#### Directions for this task:
Retype the listing below line for line, but only from the line with "Nöista A Fashionable" down to the line with "New Acrylic I", inclusive. Pictures stay out.

#### Data for processing:
▬▬▬
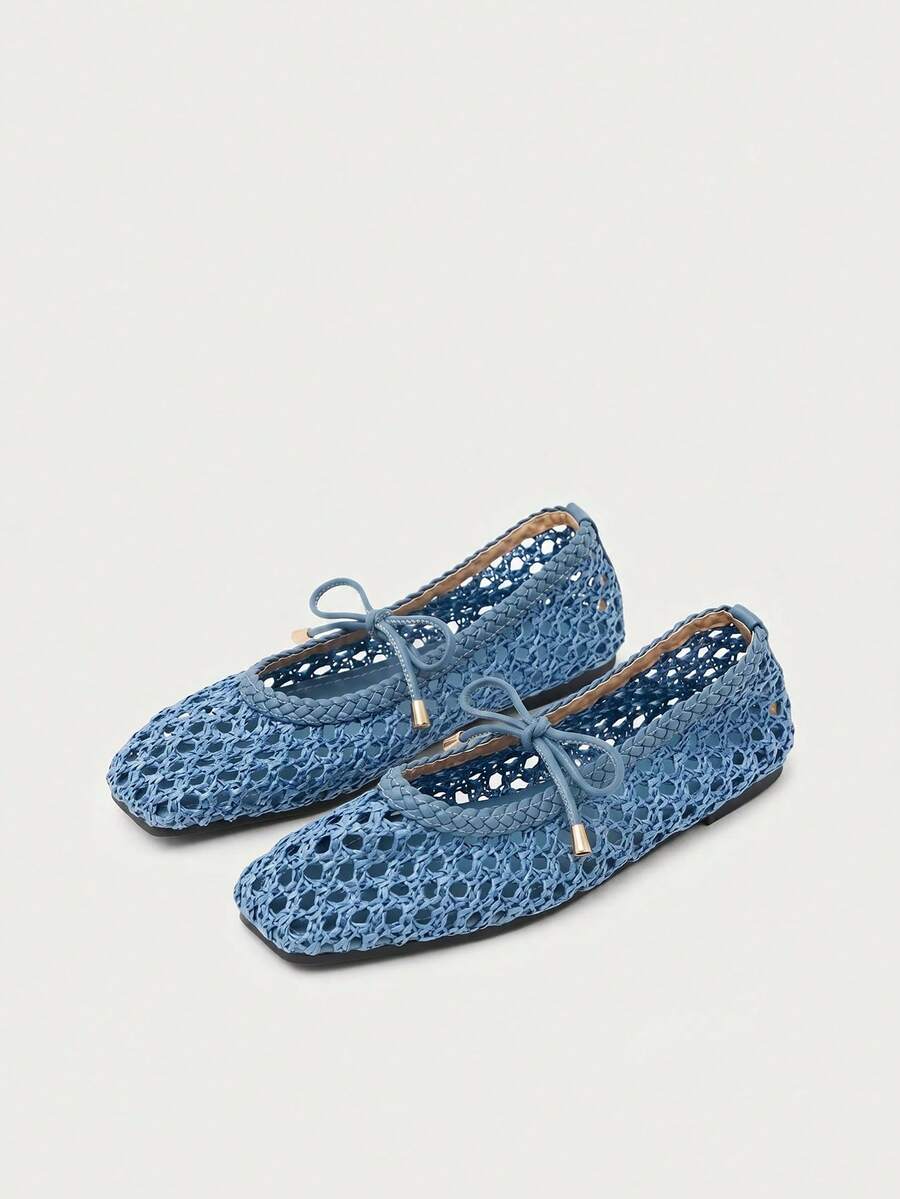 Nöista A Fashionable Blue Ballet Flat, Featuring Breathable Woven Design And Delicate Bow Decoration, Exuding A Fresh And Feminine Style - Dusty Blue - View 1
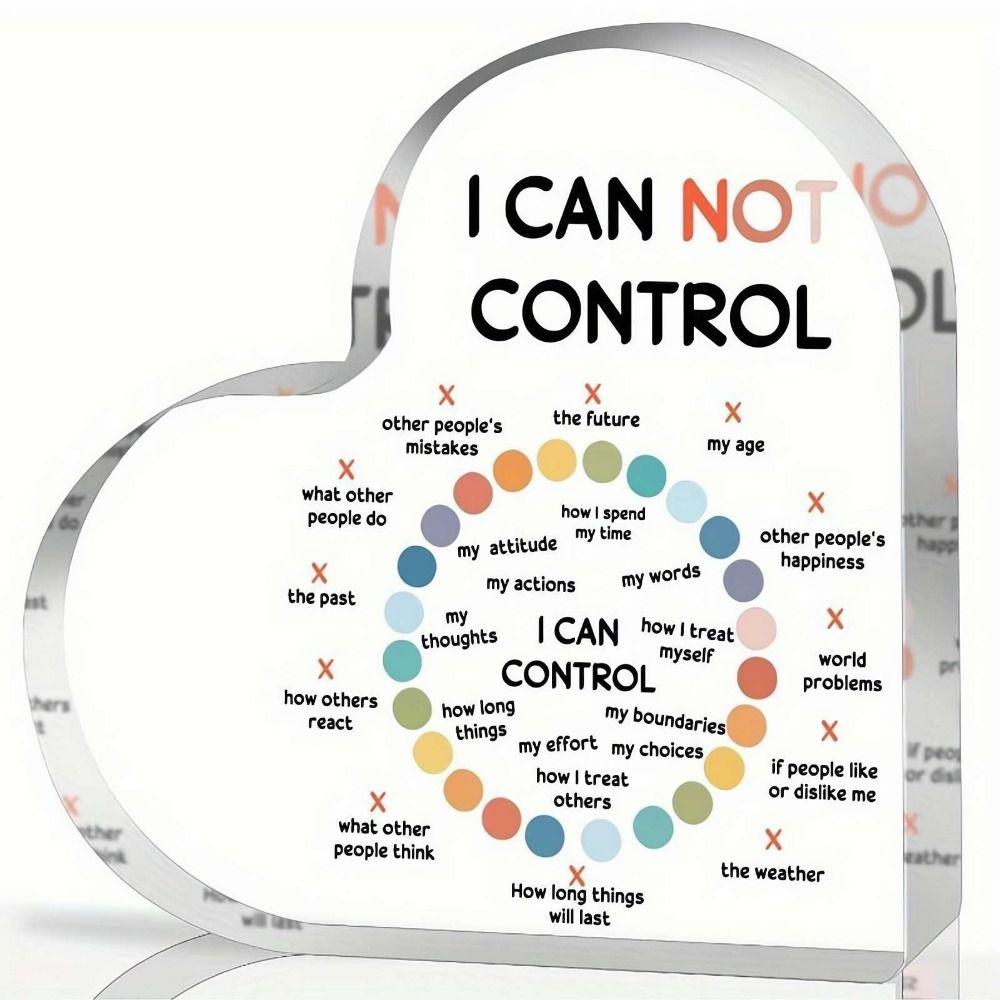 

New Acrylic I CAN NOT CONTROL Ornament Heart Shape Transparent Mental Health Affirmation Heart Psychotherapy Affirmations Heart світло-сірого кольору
▬▬▬
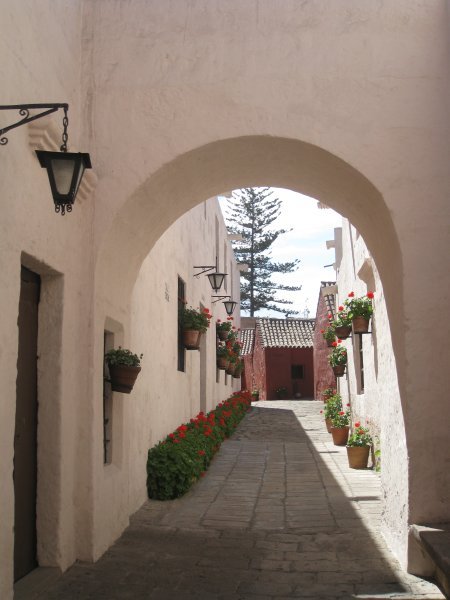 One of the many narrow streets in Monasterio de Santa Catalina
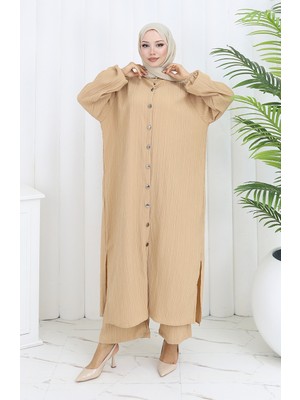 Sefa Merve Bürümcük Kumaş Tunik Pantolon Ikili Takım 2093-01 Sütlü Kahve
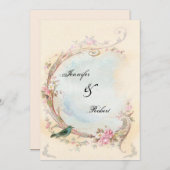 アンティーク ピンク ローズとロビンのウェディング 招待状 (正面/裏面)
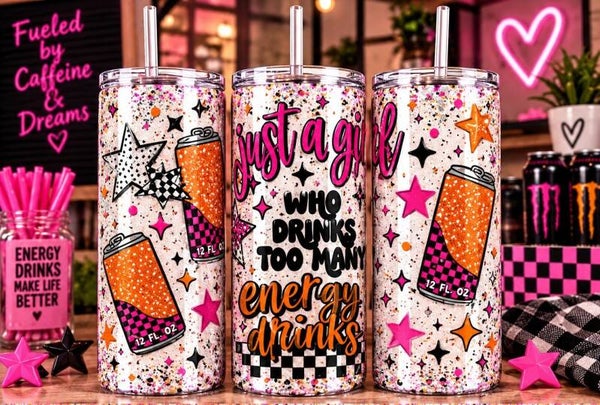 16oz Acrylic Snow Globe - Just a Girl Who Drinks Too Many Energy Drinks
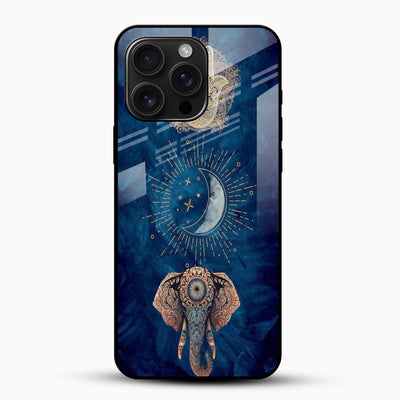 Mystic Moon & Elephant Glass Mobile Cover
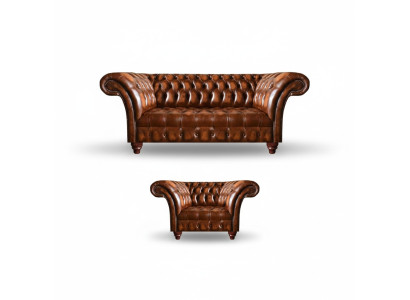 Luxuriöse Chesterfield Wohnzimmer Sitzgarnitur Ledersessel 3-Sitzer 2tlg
▬▬▬
#### Task solution:
 Nöista A Fashionable Blue Ballet Flat, Featuring Breathable Woven Design And Delicate Bow Decoration, Exuding A Fresh And Feminine Style - Dusty Blue - View 1

New Acrylic I CAN NOT CONTROL Ornament Heart Shape Transparent Mental Health Affirmation Heart Psychotherapy Affirmations Heart світло-сірого кольору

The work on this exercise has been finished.